[COLLECTED DATA Boundary: Start]

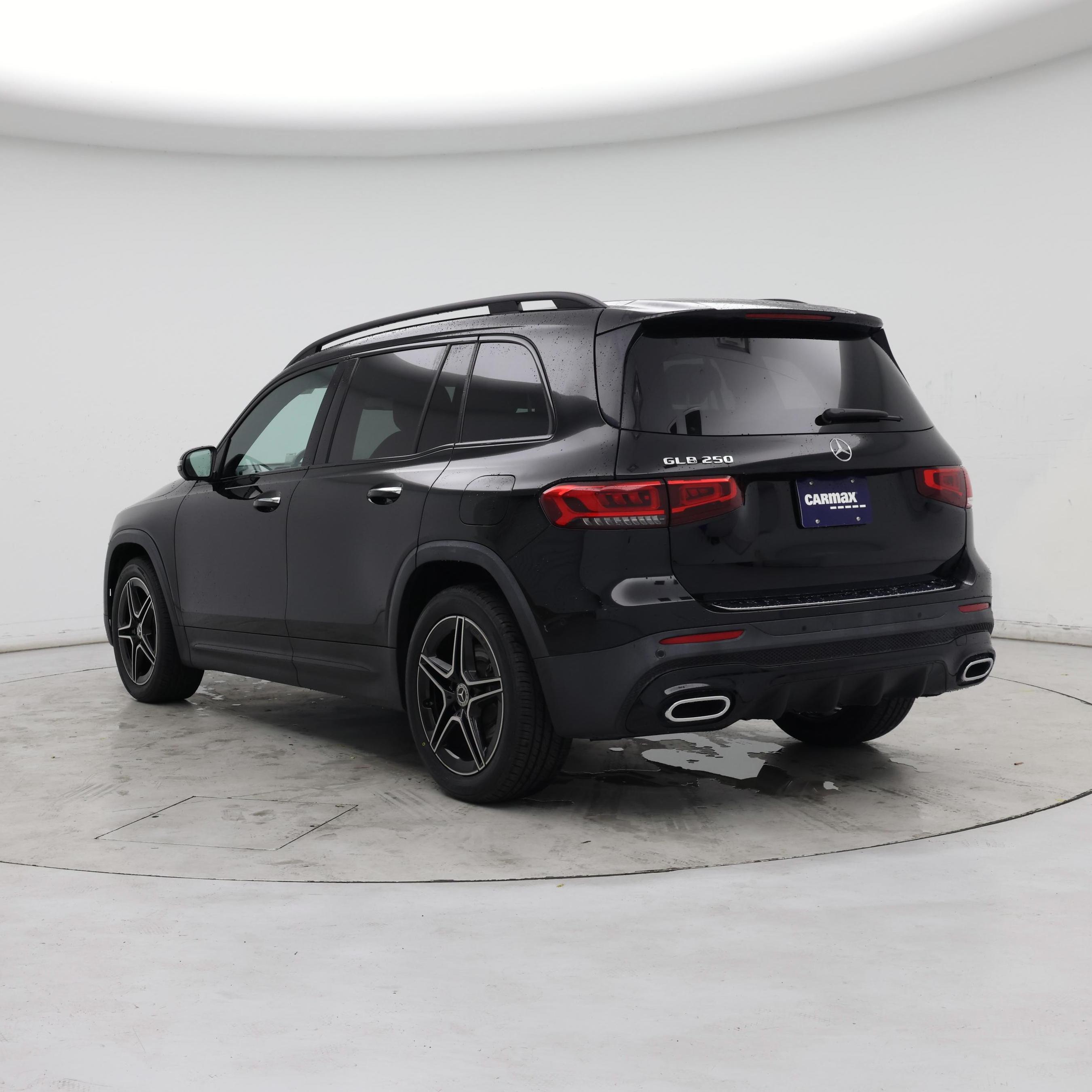 Thumbnail: 2020 Mercedes-Benz GLB - 2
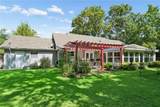 565 Barbara Place - Photo 16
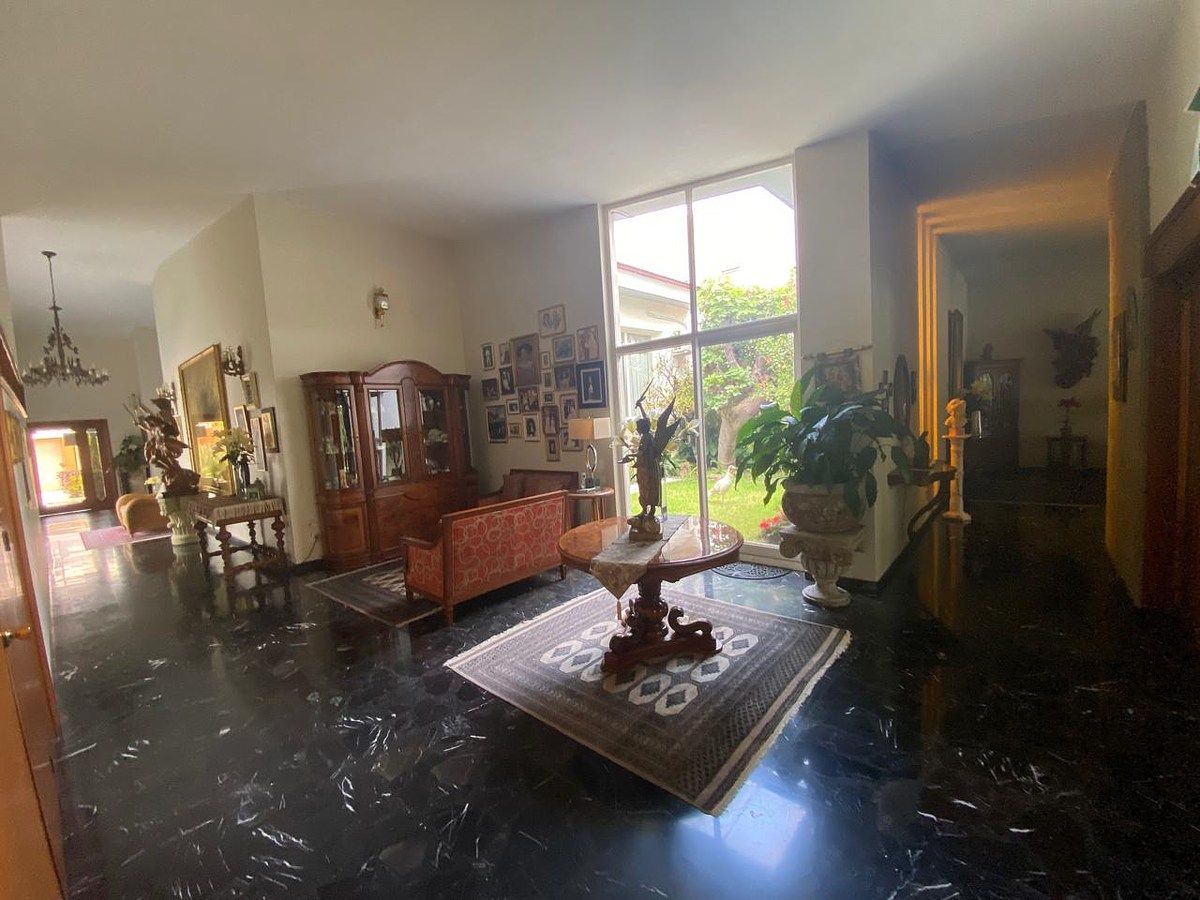 House in Colinas de San Javier, Guadalajara, photo 14 of 23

[COLLECTED DATA Boundary: End]

| TO DO |
Keeping every word as it is, write out all the data and omit the pictures.

| SOLVED EXERCISE |
 Thumbnail: 2020 Mercedes-Benz GLB - 2
 565 Barbara Place - Photo 16
 House in Colinas de San Javier, Guadalajara, photo 14 of 23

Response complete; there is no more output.